O MAS conseguiu vencer, segundo os resultados do Ciesmori, na maioria dos departamentos, com números muito elevados em alguns casos: La Paz com 65,3 por cento, Cochabamba 63,1, Oruro 62,4, Potosí 51,5, e Pando 45.8. Mesa, por sua vez, prevaleceu em Chuquisaca, Tarija, Beni. Camacho venceu em Santa Cruz.

O motivo dessa vitória se deve também aos erros do governo de fato que se acumularam ao longo dos meses: queda da economia em recuo global após crescimento de cerca de 4,5 por ano durante seis anos; má gestão da pandemia, escândalos de corrupção, como a compra de respiradores caros. O adiamento das eleições em três ocasiões prejudicou o governo de fato e a direita e permitiu avaliar com mais clareza o que o MAS fez durante seus anos de governo.

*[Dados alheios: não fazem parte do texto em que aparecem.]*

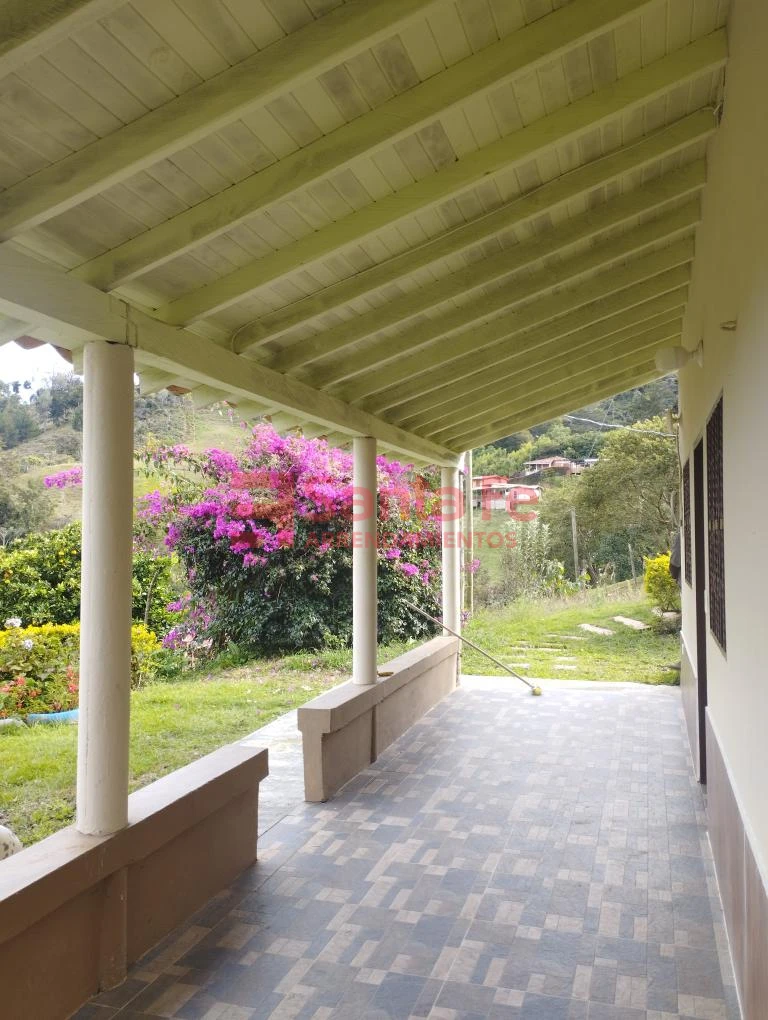 Apartamento en Guatapé, Guatapé — foto 13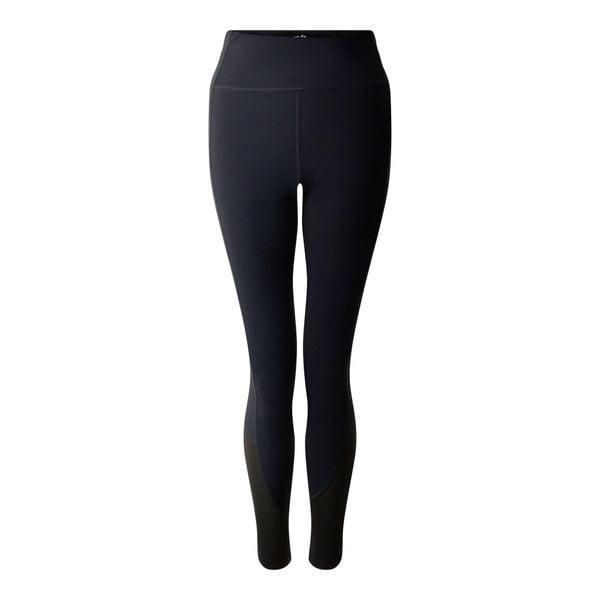 Damskie Legginsy Power. Zielone legginsy damskie Dare 2b, bez wzorów, z elastanu. Za 245.99 zł.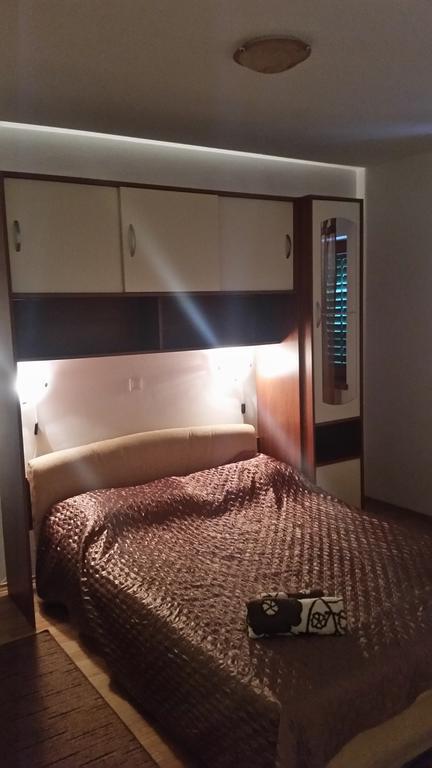 Apartments Dano Sukošan Pokój zdjęcie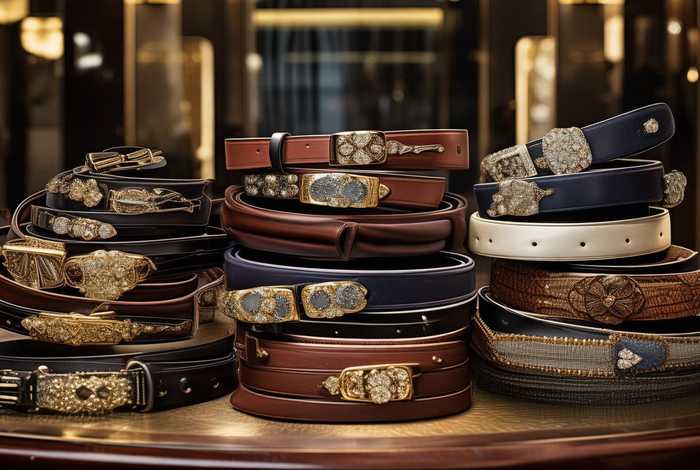 十大奢侈品腰带品牌介绍、十大奢侈品腰带品牌介绍图片
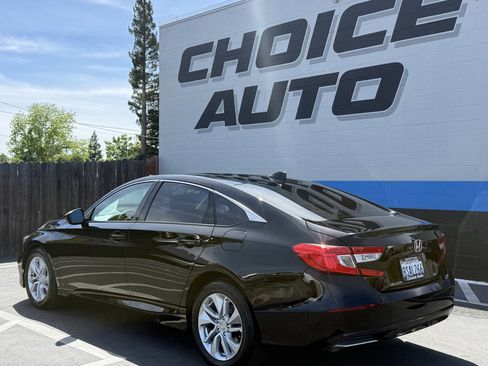 Used 2020 Honda Accord LX image 21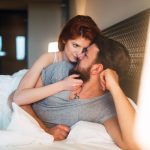 Libido en berne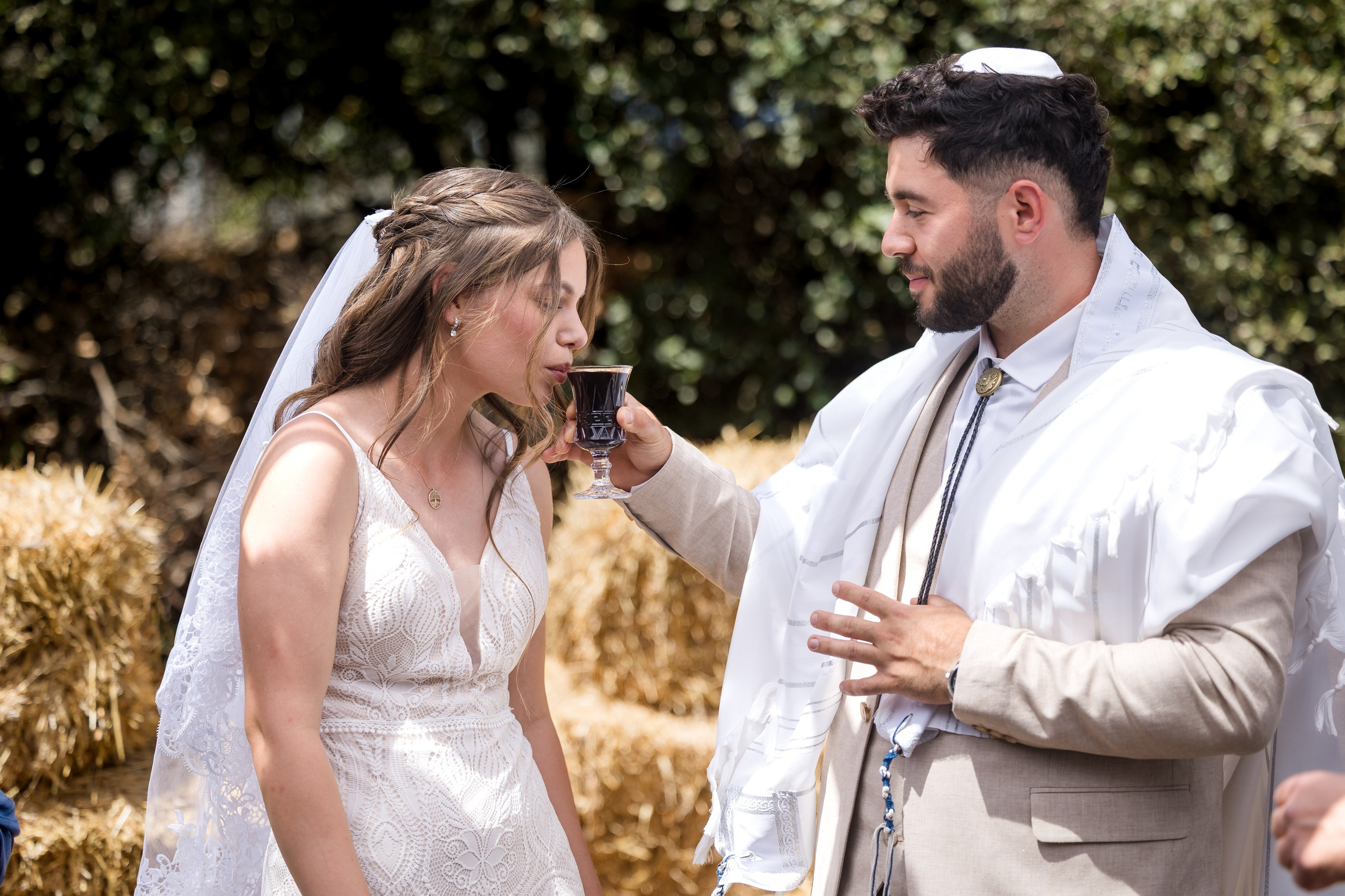 Eden & Raz. AMIR BUCHNIK PHOTOGRAPHER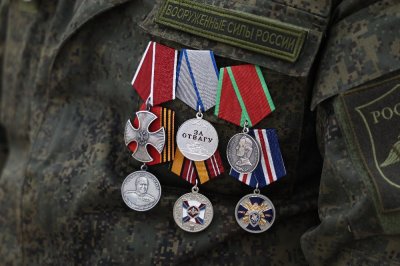 Навигатор мер поддержки участников СВО и членов их семей запущен в Челябинской области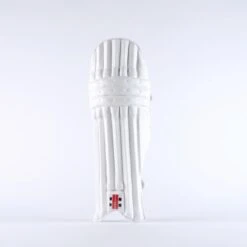 2024 Gray Nicolls Gem GN400 Batting Pads -Cricket Sales Store clga23legguards gem gn400 pad front 1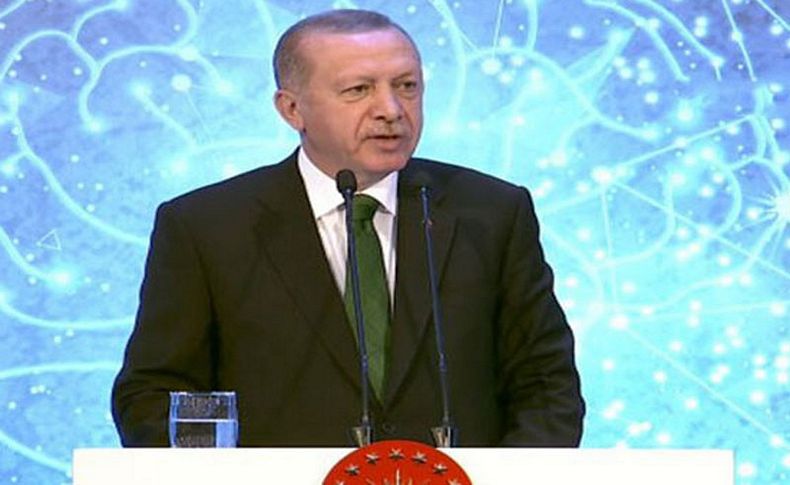 Erdoğan: Destek vermezlerse mülteciler şehrini biz kurarız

A unidade do bloco histórico do MAS, por sua vez, enfrentou uma direita desunida e oposta. A retirada das candidaturas de Añez e Quiroga no último minuto, ambas com pouca aprovação, não foi seguida pela de Camacho, como especularam alguns, que se manteve na vanguarda de sua campanha sabendo que não tinha chance de chegar ao segundo turno e que isso deu ao MAS mais chances de vitória no primeiro turno devido à dispersão de votos. Diante dos resultados, percebe-se que se o dirigente de Santa Cruz tivesse desistido, a vitória do MAS teria sido a mesma.

Ainda é cedo para antecipar quais serão os caminhos dos diferentes atores durante os meses do golpe. Murillo, que havia sido censurado pela Assembleia Legislativa Plurinacional nos últimos dias, foi afastado do governo de fato. Mesa, novamente derrotado, afirmou que será o “chefe da oposição”, embora não esteja claro como o articulará. Quanto a Camacho, é provável que tente consolidar uma liderança no Leste, apoiada em fatores internacionais.

Evo Morales, em entrevista coletiva de Buenos Aires, afirmou que buscarão uma reunião de reconciliação para a reconstrução: “não somos vingativos, revanchistas”, disse. Como a paz se articulará com a justiça? Ontem, em um evento de grande simbolismo, Patricia Arce, prefeita de Vinta, foi eleita senadora pelo MAS, ela havia sido sequestrada, espancada e pintada de vermelho durante os dias do golpe.

O outro momento central será o da economia. Arce, que foi ministro da Economia de 2006 a 2017 e de janeiro de 2019 até o golpe e, portanto, arquiteto central do crescimento, já anunciou que um dos primeiros passos será pagar o bônus contra a fome e fortalecer a demanda interna. Arce será, junto com Choquehuanca, o novo chefe de governo, no que será também uma renovação dentro do MAS, uma substituição que apresenta desafios e grandes oportunidades.

Ainda faltam dias de alguma incerteza até que vejamos o novo governo no comando. O que aconteceu na Bolívia pode ser descrito como um retrocesso, diante de um golpe com forte apoio internacional que não chegou para ficar apenas um ano no poder político. Uma vitória histórica, e uma demonstração da frase de García Linera: “luta, vence, cai, levanta-te, luta, vence, cai, levanta. Até que a vida acabe, esse é o nosso destino ”.